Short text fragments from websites
□ □ □ □ □

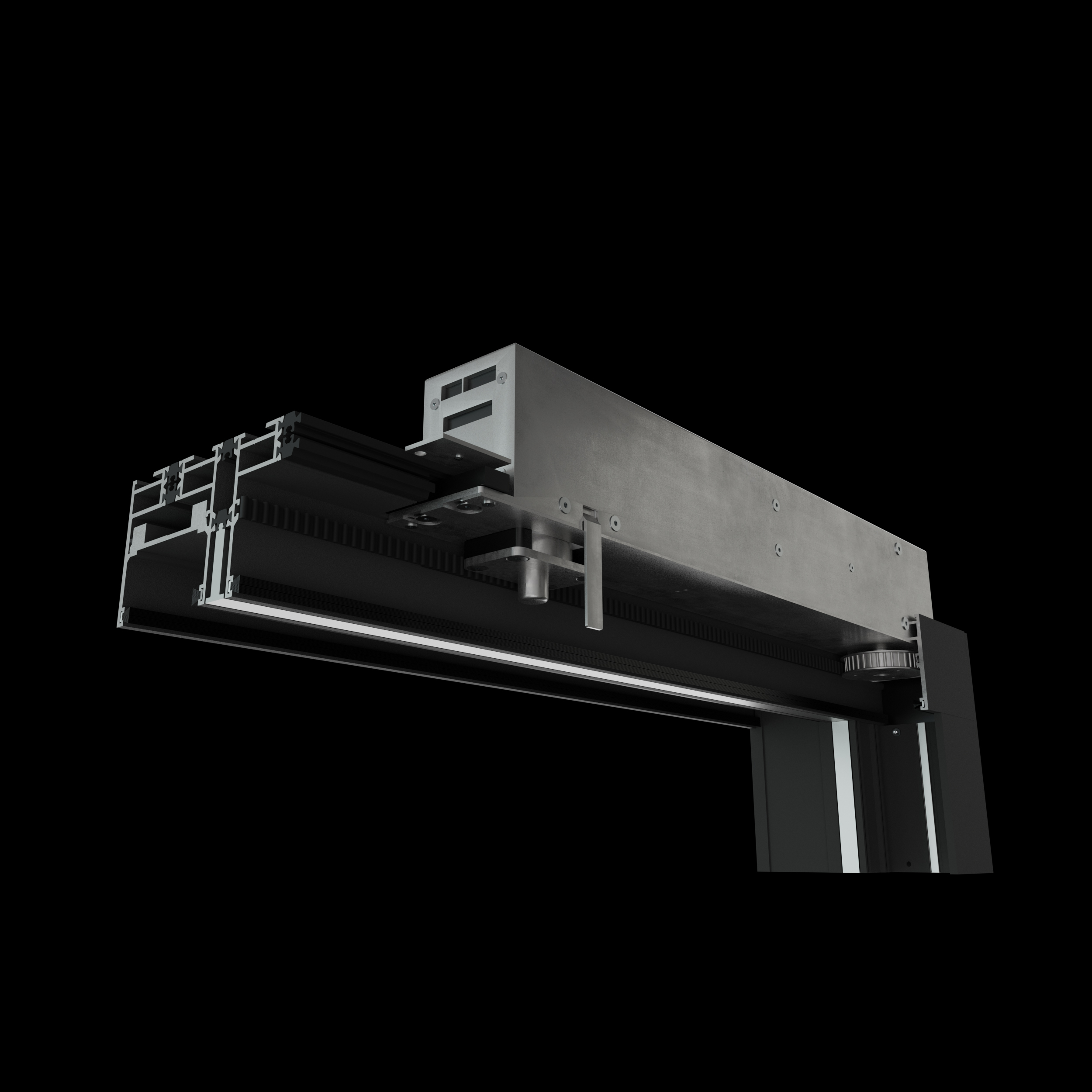 Moteur intégré dans le rail d'un coulissant minimaliste Weeeze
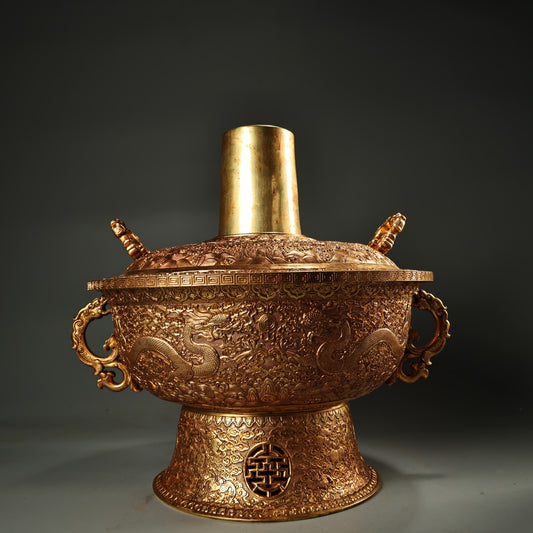 A1074 Vintage Chinese Gilt Gold Copper Fortune Dragon Design Hot Pot Stove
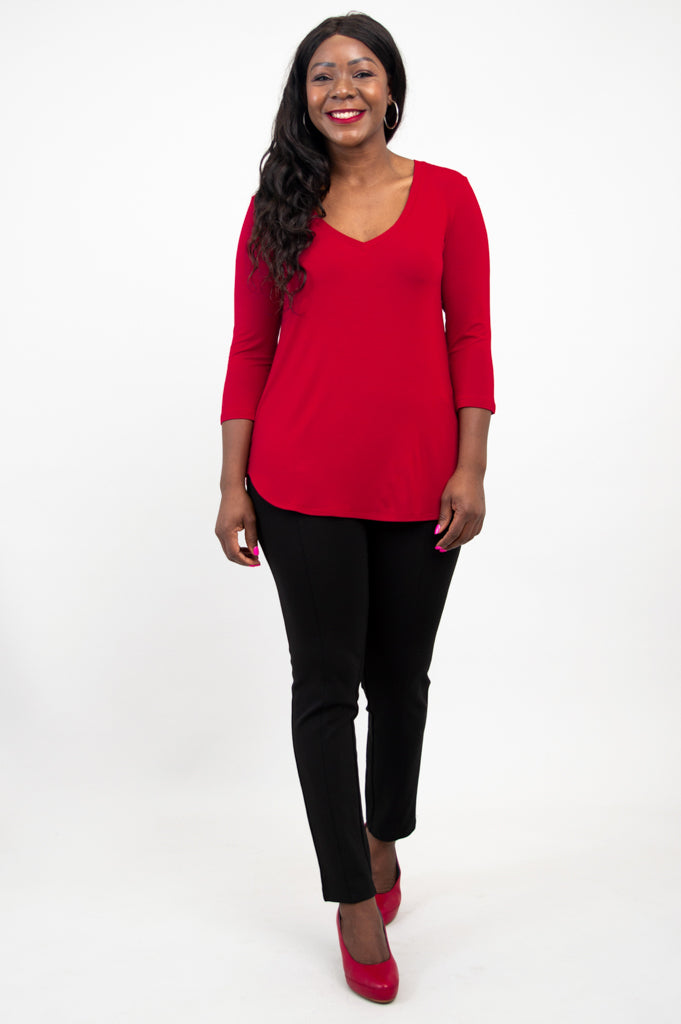 Jackie 3/4 Sleeve Women's Tops - Soft Bamboo Fabric Lipstick Red Blouse for Casual Wear & Office Outfits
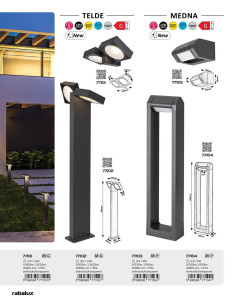 Rabalux Telde Външно стенно осветление IP54 LED 14W 3000K 77101 - Цена | LEDs4economy 2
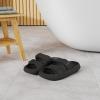 imageBRONAX Pillow Slippers for Women and Men  Adjustable Double Buckle Shower Slides  Cushioned Thick Sole SandalsY15  All Black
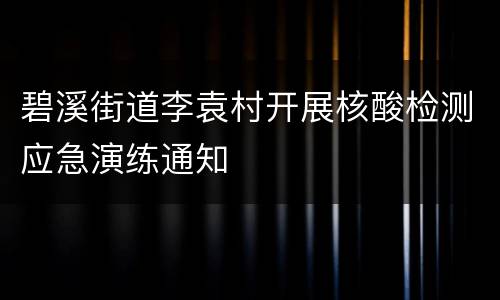 碧溪街道李袁村开展核酸检测应急演练通知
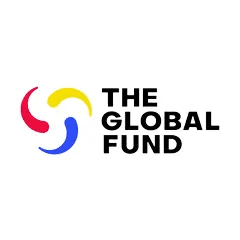A logo displays three colored arcs (red, yellow, blue) forming a circular shape. Text reads "THE GLOBAL FUND" in bold, black letters, set against a white background.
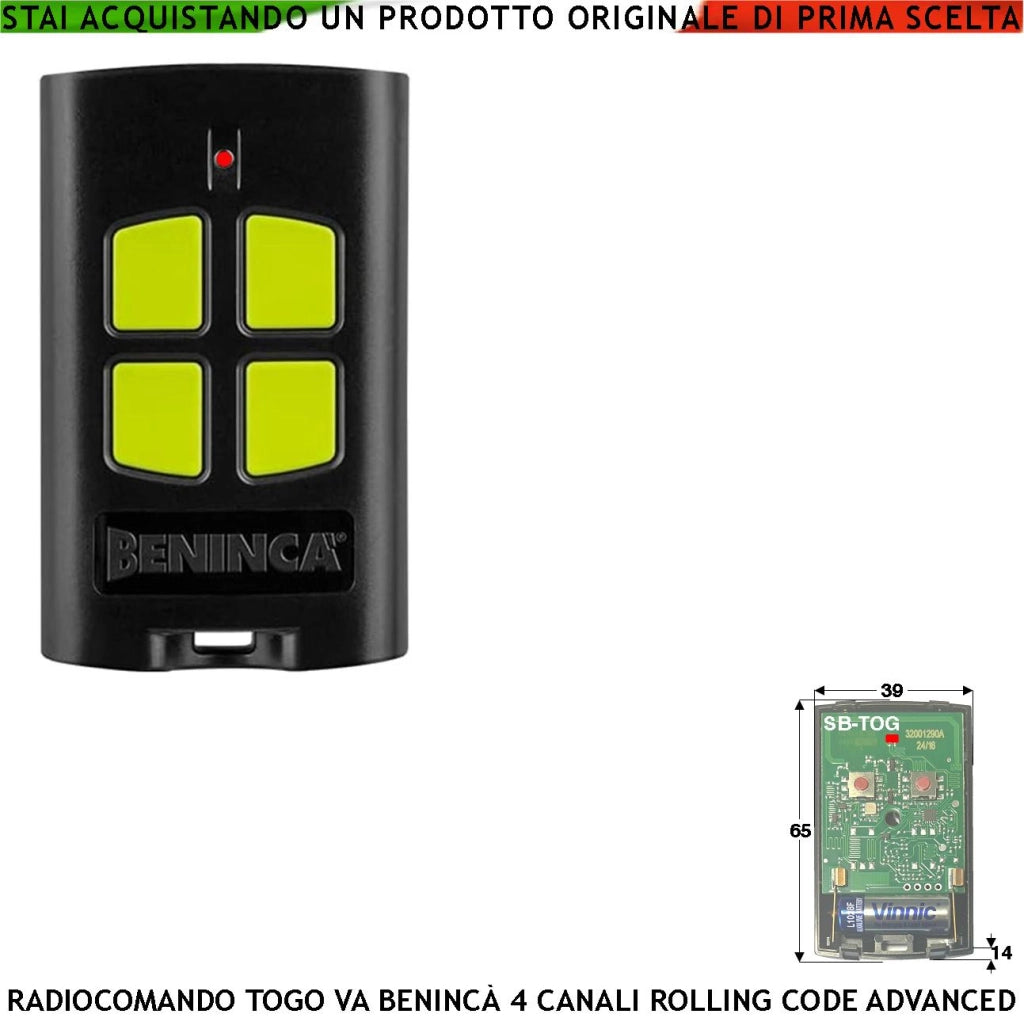 Radiocomando Quatricanale Freq. 433,92 MHz Portata Radio 60/100 MT TO.GO Codice Sicurezza Advanced Rolling Code 128 Bit Batteria 12 V 23A Contenitore ABS Nero Tasti Gialli Comando Automatismo Benincà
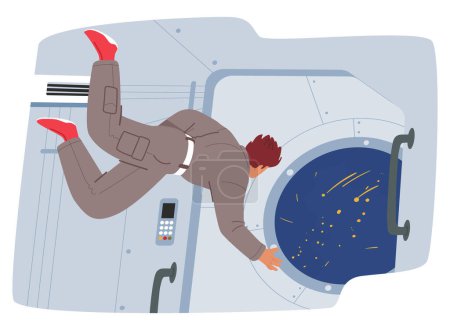 Téléchargez les illustrations : L'astronaute en apesanteur flotte gracieusement à l'intérieur du vaisseau spatial, regardant à travers la fenêtre la grandeur impressionnante de l'espace extérieur dans le contexte cosmique fascinant. Illustration vectorielle de bande dessinée - en licence libre de droit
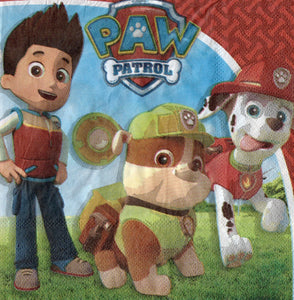 Servetele Decorative de Petrecere Red Paw Patrol Patrula Catelusilor Ryder, Rubble si Marshall 10 buc Party Petrecere 33x33 cm fete Aniversari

□ □ □ □ □

> [The task]: Retype exactly, and only, the lines from the one containing "imageBRONAX Pillow Slippers" through the end of the records above. Pictures stay out of the copy.

> [Problem solution]:
 imageBRONAX Pillow Slippers for Women and Men  Adjustable Double Buckle Shower Slides  Cushioned Thick Sole SandalsY15  All Black
 碧溪街道李袁村开展核酸检测应急演练通知
A logo displays three colored arcs (red, yellow, blue) forming a circular shape. Text reads "THE GLOBAL FUND" in bold, black letters, set against a white background.
 Radiocomando Quatricanale Freq. 433,92 MHz Portata Radio 60/100 MT TO.GO Codice Sicurezza Advanced Rolling Code 128 Bit Batteria 12 V 23A Contenitore ABS Nero Tasti Gialli Comando Automatismo Benincà
 Téléchargez les illustrations : L'astronaute en apesanteur flotte gracieusement à l'intérieur du vaisseau spatial, regardant à travers la fenêtre la grandeur impressionnante de l'espace extérieur dans le contexte cosmique fascinant. Illustration vectorielle de bande dessinée - en licence libre de droit
 Servetele Decorative de Petrecere Red Paw Patrol Patrula Catelusilor Ryder, Rubble si Marshall 10 buc Party Petrecere 33x33 cm fete Aniversari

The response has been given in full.